Blanco comienza a desplegar su obra sobre la mesa en la cual comenzó este trabajo de dibujos de Diego, Pelusa, el más grande. Tini ladra y me deja su juguetito a los pies. Vemos las figuritas, prolijamente guardadas en folios y carpetas. Diego con todas las camisetas que vistió. Alfredo muestra el álbum, los sobrecitos de las figuritas, los diversos elementos del emprendimiento, como la guillotina. La plancha de figuritas se guillotina en la mesa en la cual estamos charlando. Lo único que se realiza fuera del hogar es la impresión. Corte y troquelado se dan en el seno familiar. También hay figuritas redondas que se cortan a mano con un sacabocados. Recordamos las antiguas figuritas circulares de chapa. El Doctor no realiza este emprendimiento por cuestiones económicos, lo moviliza el amor y el deseo. Pero en ciertas circunstancias los mercaderes sobrevuelan. Alfredo, pensá en lo que le pasó al mismo Diego, suplico interiormente. Para Alfredo nunca es la economía lo movilizante, estimo que ni siquiera en su profesión de médico. Eso es existencialismo maradoneano en estado puro. Hablamos de Diego, de su actitud con el Pato Fillol cuando su hija tuvo problemas de conducta alimentaria. Blanco ama a Fillol. ¿Y cómo no?

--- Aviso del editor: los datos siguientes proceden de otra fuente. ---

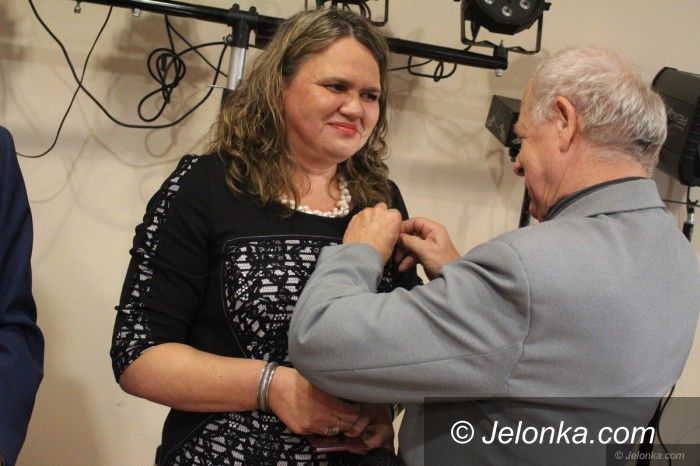 Jelenia Góra: Dzień Białej Laski z wyróżnieniami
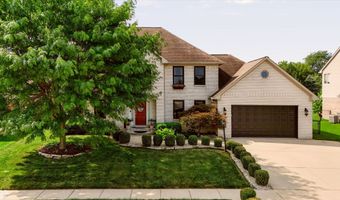 1555 Connemara Rd, Indianapolis, IN 46217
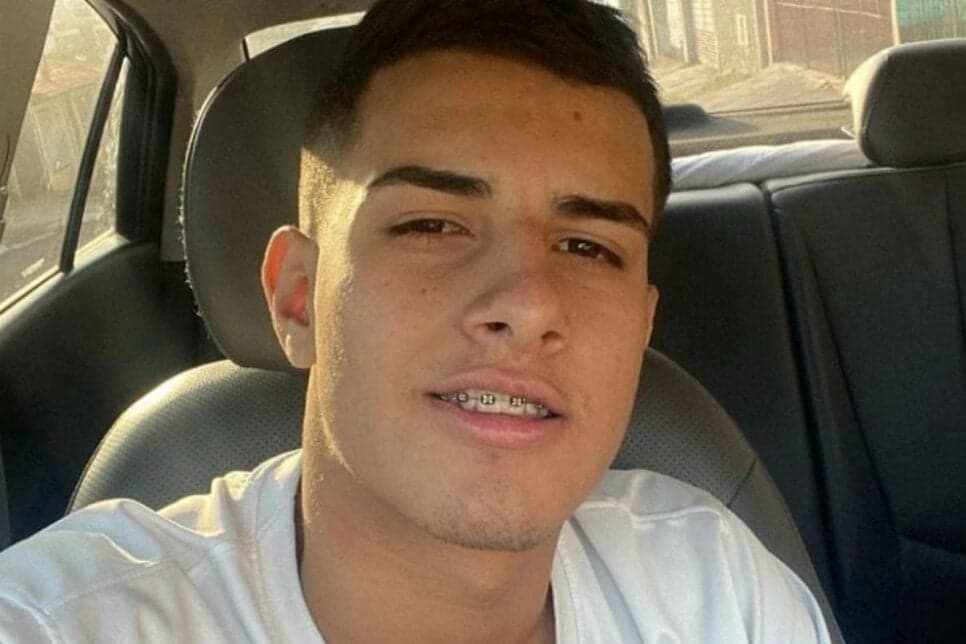 Morre o jogador Willian Gabriel de 24 anos (Foto: Reprodução/ Internet)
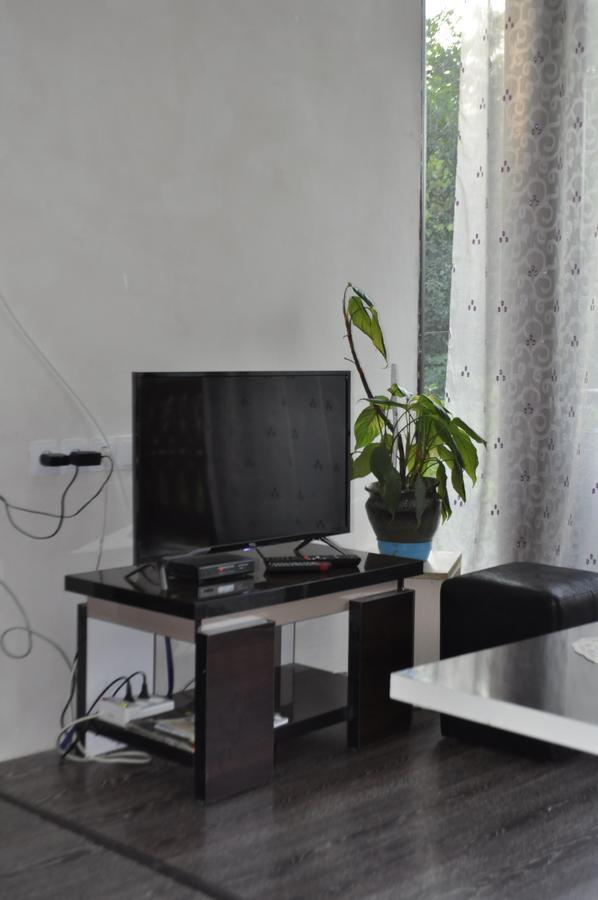 Guesthouse Dariali Мцхета Екстер'єр фото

Mi cuarto de pibe estaba plagado de fotos de Bochini, de Spinetta y del Pato. Unos años después Diego comenzó a acaparar las superficies de las paredes. Entre las figus de camisetas del álbum del Diego, está la del Club Social y Deportivo Parque, de donde salieron Román, el Cuchu Cambiasso, Redondo. Ahí, el caricaturista maradoneano conoció a Maddoni, el técnico que puso el primer ojo en todos esos pibes que después devinieron en leyenda. Nos despedimos. Es un mediodía típicamente conurbanero. Subimos al auto de Jorge Boido. Que si lo acompañamos hasta Las Achiras, indica, va a tomar unas fotos de un mural Diego. Y sí, dale. Hay un encuentro popular con juegos para niños y niñas, puestos de venta de comidas, fútbol. Vamos hacia el muro donde está retratado un Diego pero los banderines tendidos para la actividad de este sábado hacen sombra sobre el mural y eso no es fotográficamente positivo. Las nenas y los nenes corren. Una agrupación barrial se hace cargo del cuidado de la plaza. La Matanza. Cruzamos una calle y las bolsas de basura atiborran una plazoleta. La escenografía se modifica en unos pocos metros. A Diego esto no le caería en gracia, lo enojaría como se enojaba con Havelange, Blatter y la FIFA. Subimos al auto de Jorge. Me tengo que poner el cinturón porque si no comienza a sonar una chicarra muy molesta.
Alfredo Blanco nos regaló figuritas de Diego, imanes para pegar en la heladera con dibujos de El Diez y una charla. Tengo todo guardado en mi bolso. Juan también, junto a su cámara. Llegamos después de los vericuetos de las autopistas hasta Estación San Pedrito. Subte A. Mediodía de sol. Un Diego te espera.